Return, exactly and in full, the lines of the records below starting at the one with "Copa de vino" and ending at the one with "Pudding watching a film on his tablet", and no other lines.

++++++

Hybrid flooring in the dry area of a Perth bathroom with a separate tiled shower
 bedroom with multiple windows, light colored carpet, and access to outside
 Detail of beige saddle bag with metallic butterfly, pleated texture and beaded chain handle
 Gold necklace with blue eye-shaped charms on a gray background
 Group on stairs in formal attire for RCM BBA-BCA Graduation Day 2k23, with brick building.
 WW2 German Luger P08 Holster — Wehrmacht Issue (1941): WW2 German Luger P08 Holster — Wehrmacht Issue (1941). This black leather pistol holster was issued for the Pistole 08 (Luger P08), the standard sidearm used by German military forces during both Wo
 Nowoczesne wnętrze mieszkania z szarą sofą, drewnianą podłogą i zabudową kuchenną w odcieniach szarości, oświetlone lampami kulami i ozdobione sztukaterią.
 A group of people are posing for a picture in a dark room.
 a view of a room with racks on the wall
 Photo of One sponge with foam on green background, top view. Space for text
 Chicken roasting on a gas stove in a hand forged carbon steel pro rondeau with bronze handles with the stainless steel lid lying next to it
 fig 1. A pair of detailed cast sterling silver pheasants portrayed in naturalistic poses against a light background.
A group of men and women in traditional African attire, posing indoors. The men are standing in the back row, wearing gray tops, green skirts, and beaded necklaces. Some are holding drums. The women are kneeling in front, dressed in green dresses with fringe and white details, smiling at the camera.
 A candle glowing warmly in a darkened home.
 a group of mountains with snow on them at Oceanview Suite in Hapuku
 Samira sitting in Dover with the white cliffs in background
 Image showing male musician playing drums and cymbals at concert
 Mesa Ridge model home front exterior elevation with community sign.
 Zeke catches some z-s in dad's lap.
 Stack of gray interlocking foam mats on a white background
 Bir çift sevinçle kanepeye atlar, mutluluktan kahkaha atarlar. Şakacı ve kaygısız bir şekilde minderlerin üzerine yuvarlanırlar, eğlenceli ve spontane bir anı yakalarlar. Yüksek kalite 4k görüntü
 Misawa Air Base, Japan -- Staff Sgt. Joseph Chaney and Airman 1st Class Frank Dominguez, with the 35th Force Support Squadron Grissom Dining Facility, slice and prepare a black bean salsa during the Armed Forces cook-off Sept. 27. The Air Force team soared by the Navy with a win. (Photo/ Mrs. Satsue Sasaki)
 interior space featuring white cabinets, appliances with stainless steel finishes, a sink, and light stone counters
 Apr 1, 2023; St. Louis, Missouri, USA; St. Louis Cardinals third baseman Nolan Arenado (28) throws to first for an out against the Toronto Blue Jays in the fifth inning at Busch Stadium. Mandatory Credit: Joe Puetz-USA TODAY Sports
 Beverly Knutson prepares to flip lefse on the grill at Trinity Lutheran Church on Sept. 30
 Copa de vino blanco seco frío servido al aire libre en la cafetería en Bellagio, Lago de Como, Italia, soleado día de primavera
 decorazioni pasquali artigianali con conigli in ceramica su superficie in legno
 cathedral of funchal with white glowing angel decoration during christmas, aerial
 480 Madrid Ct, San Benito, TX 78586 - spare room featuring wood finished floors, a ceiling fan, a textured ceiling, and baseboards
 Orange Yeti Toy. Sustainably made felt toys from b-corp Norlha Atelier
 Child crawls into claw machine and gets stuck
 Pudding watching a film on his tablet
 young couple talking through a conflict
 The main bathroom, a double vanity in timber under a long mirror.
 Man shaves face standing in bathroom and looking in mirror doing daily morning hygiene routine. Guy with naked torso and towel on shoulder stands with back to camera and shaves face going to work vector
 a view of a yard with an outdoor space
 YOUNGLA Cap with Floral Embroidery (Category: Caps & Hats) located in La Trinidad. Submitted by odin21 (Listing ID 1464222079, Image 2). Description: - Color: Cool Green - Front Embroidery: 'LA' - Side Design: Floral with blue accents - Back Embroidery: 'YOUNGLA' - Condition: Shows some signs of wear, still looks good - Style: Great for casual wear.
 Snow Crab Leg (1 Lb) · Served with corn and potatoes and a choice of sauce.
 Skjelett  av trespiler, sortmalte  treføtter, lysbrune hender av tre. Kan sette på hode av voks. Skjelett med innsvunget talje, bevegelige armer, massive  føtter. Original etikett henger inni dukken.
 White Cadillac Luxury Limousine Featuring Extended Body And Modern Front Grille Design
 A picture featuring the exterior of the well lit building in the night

++++++

§ **Result**:
 Copa de vino blanco seco frío servido al aire libre en la cafetería en Bellagio, Lago de Como, Italia, soleado día de primavera
 decorazioni pasquali artigianali con conigli in ceramica su superficie in legno
 cathedral of funchal with white glowing angel decoration during christmas, aerial
 480 Madrid Ct, San Benito, TX 78586 - spare room featuring wood finished floors, a ceiling fan, a textured ceiling, and baseboards
 Orange Yeti Toy. Sustainably made felt toys from b-corp Norlha Atelier
 Child crawls into claw machine and gets stuck
 Pudding watching a film on his tablet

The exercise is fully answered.